逆さづりでのサイ空輸、保護活動に極めて重要な理由とは
正しい向きは逆さ向き
ナミビアにはアフリカのクロサイの3分の1近くが暮らす。クロサイはアフリカ大陸に生息する2種類のサイのひとつだ。
コーネル大の研究チームは2015年から、体重約800~1230キロのクロサイ12頭をクレーンで逆さづりにし、比較のために横向きの姿勢も取ってもらう実験を行ってきた。
そのうえで呼吸や換気(肺におけるガス交換)関連の生体指標を測定したところ、サイは逆さづり時の方が血中酸素濃度が高いことが判明した。
ラドクリフ氏は、逆さづりの姿勢だと脊椎(せきつい)が伸び、気道を開く助けになると指摘する。

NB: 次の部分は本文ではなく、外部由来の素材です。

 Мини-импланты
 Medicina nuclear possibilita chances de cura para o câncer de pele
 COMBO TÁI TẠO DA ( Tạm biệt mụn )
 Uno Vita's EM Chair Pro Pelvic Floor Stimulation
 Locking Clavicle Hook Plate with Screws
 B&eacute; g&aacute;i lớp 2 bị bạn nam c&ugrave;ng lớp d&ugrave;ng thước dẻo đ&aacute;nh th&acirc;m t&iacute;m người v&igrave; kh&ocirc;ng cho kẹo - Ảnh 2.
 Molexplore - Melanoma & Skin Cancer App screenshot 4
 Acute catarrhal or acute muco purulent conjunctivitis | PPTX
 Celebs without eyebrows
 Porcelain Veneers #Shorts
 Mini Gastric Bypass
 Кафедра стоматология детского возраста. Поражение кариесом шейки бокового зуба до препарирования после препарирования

また、横向きの姿勢では、1回の呼吸のうち体への酸素供給に寄与しない空気量「死腔(しくう)」が増えることも明らかになった。
二つの姿勢の違いは微々たるものだが、サイに使われる強力な麻酔薬は低酸素血症を引き起こすことから、わずかな改善でも健康に違いが出る。
サイの空輸
横向きにするにせよ逆さづりするにせよ、サイの空輸には矢で鎮静剤を撃ち込むための小型ヘリと、輸送のための大型ヘリの2機が必要となる。横たわる場合にはそこに担架の重さが加わり、所要時間も長くなる。ラドクリフ氏によると、6人のチームでサイを担架に乗せて固定するには最大30分かかるという。
対照的に、サイの足にロープを取り付ける作業はわずか数分で済む。
サイを担架に固定するには最大1時間がかかる/Pete Morkel
これなら費用の削減(ヘリ2機の使用料は1時間当たり計4000ドル)になるほか、鎮静剤の作用時間を減らすことでサイの健康も向上する。サイに使われるオピオイド鎮静剤はモルヒネの1000倍強力で、陸路と空路のどちらで運ぶにせよリスクが非常に大きい。